Hingga Maret tahun ini perbandingan antara cadangan migas yang ditemukan dengan yang diproduksi (Reserve Replacement Ratio/RRR) di Indonesia mencapai 47,5 juta barel setara minyak. Kenaikan ini tak lepas dari kontribusi penemuan cadangan Lapangan di Lapangan OPLL West Natuna terutama di bulan Maret sebesar 6%.

Dwi mengakui produksi migas dalam setahun ke depan akan lebih sulit mengingat melandainya pergerakan ekonomi dunia serta Indonesia dari dampak Pandemi Covid-19. “Ke depan, lifting migas akan semakin tertekan akibat Covid-19 dan rendahnya harga minyak,” kata Dwi dalam keterangan tertulisnya.

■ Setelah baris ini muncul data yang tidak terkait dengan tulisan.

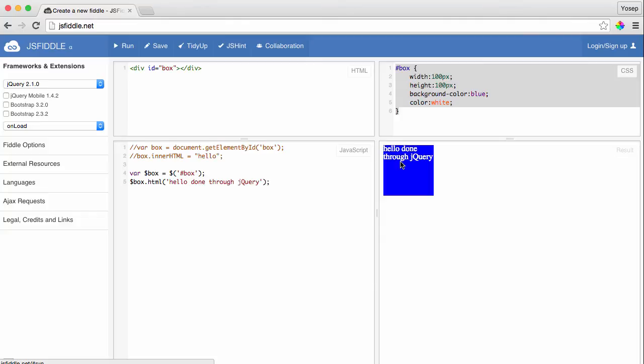JSFiddle is a great tool you can use every day to test your code at any time. That's it for today. Thank you for watching and have a wonderful day.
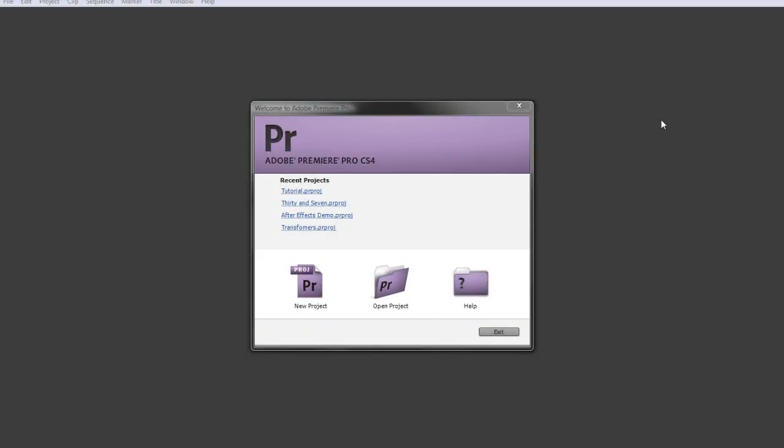Hello, this is Josh for WooHoot Productions, and in this tutorial I'm going to be talking about Adobe Premiere for editing video. Let's just jump right in.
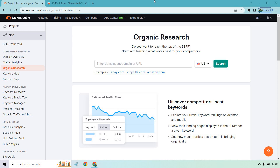Hello and welcome to my SEMrush review where I'm going to be giving you a demo of this SEO tool, highlighting some of the best features that I like the most, and at the end talking a bit about the pros and cons. In case you're not familiar with SEMrush, they do come with a free trial — I'll put a link in the description so you can follow along or test it out for yourself.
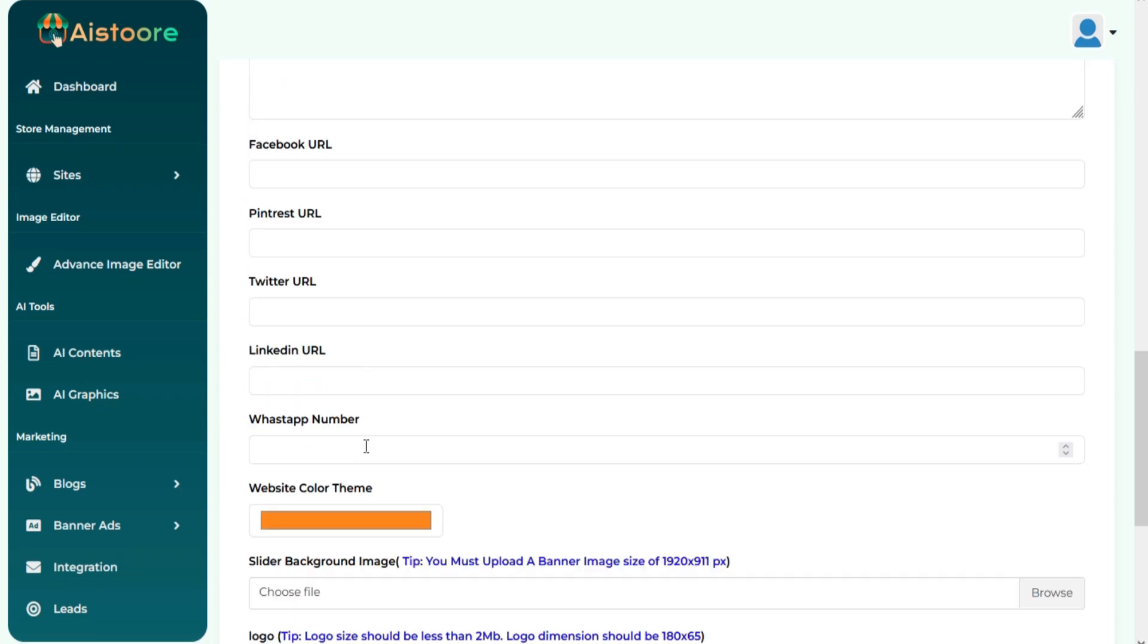You can also add your WhatsApp number here so your website visitor can contact you directly via WhatsApp.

Dengan kondisi ini, SKK Migas dan Kontraktor Kontrak Kerja Sama (KKKS) memperkirakan adanya penurunan dari sisi pendapatan juga. Penurunan gross revenue terjadi akibat kondisi harga minyak dan kebijakan perubahan paradigma bahwa sektor migas bukan lagi sebagai sumber pendapatan negara tetapi lebih sebagai penggerak ekonomi. “Outlook gross revenue juga turun dari US$32 miliar menjadi US$19 miliar,” kata Dwi.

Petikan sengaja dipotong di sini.